A young woman dressed in slashed sleeves sat in front of her tent, looking at us but seeing something else, weaving her arms in wide circles, bending up, down and around, tripping more than any of us ever had or had ever even wanted to, more than Sharon when she dropped acid and watched the bathroom sink drip generation after generation of flaming psychedelic flowers, more than Brenda when, certain she had reincarnated as Rasputin, she tried to stare down a plastic gargoyle in a friend's vegetable garden until the friend, also stoned, freaked out that her gargoyle was melting, more than Kaye and me when, stoned on hash, we stared in wonder all night at the luminous moon outside the window until we realized it was the streetlight.

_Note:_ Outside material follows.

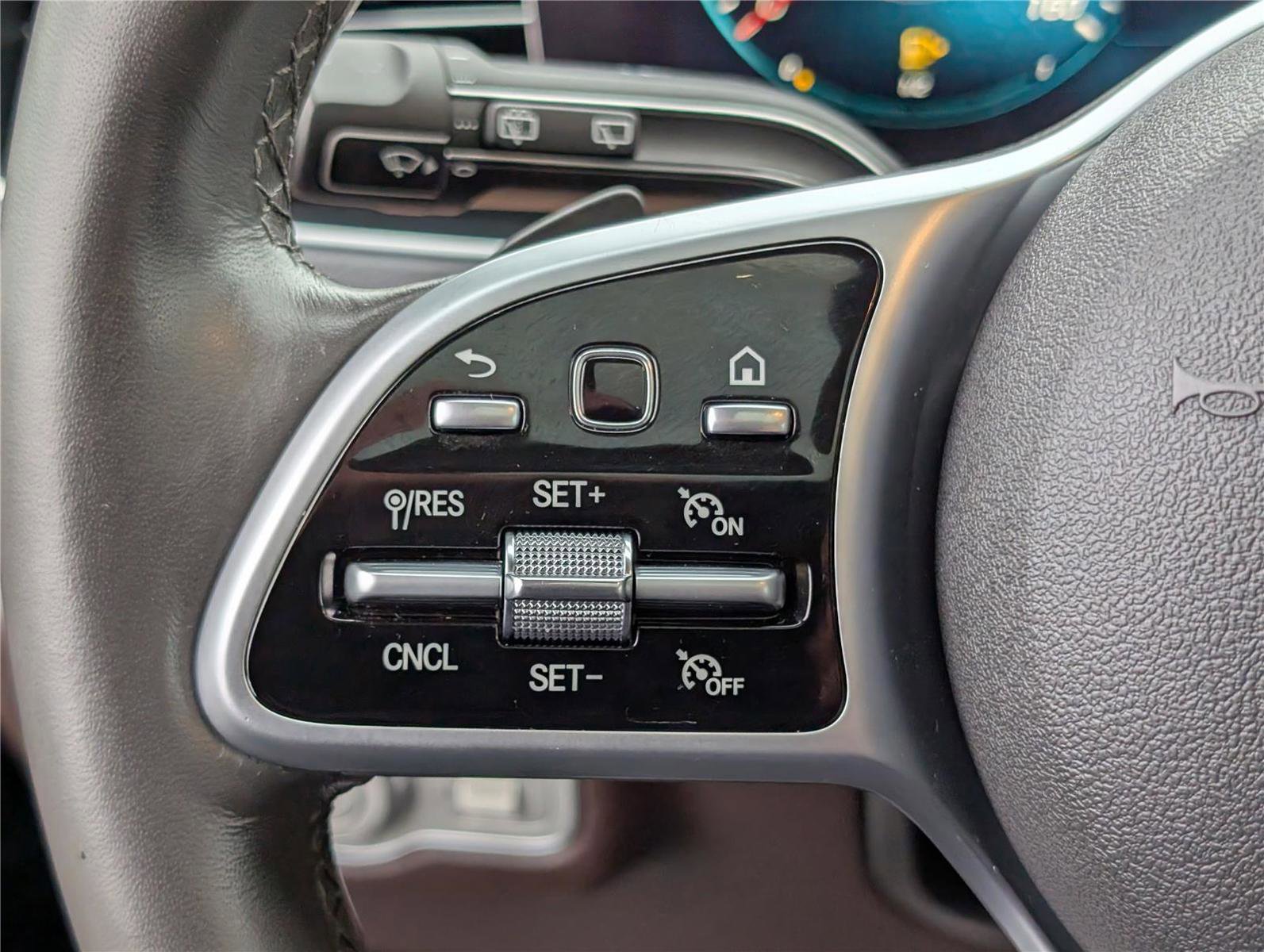 Used 2020 Mercedes-Benz GLE 350 4MATIC image 23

"I bid thee good day," said an ironworker from his booth.

 Suddenly, people were everywhere, the Faire workers wearing boots and pantaloons, feathered hats, flowing blouses, bodices overflowing with plump bosoms.  Rogues and wenches, lords and ladies, hardworking peasants mingled.  Some visitors came in costume, like Richard, resplendent in jerkin and codpiece.  Many did not.  No matter.  No matter even that Carol had pinned a huge plastic flower to her hat.

Spendpenny Lane was crowded with booths and banners, noisy with sounds of craftspeople and artisans selling their wares.  Music, and greetings of  Good Days and Good Morrows filled the air.

We ripped the meat off the turkey legs with our teeth, purposeful Elizabethan eaters, and jostled for places, I pray your leave, I cry your mercy, in the Ale Garden for quart pots, pint pots and quarter gills of beer. 

Bubble Red and Beauty brought their dog, and we gave it bites of turkey and meat pies.  In all the photos, the dog looks like to be smiling.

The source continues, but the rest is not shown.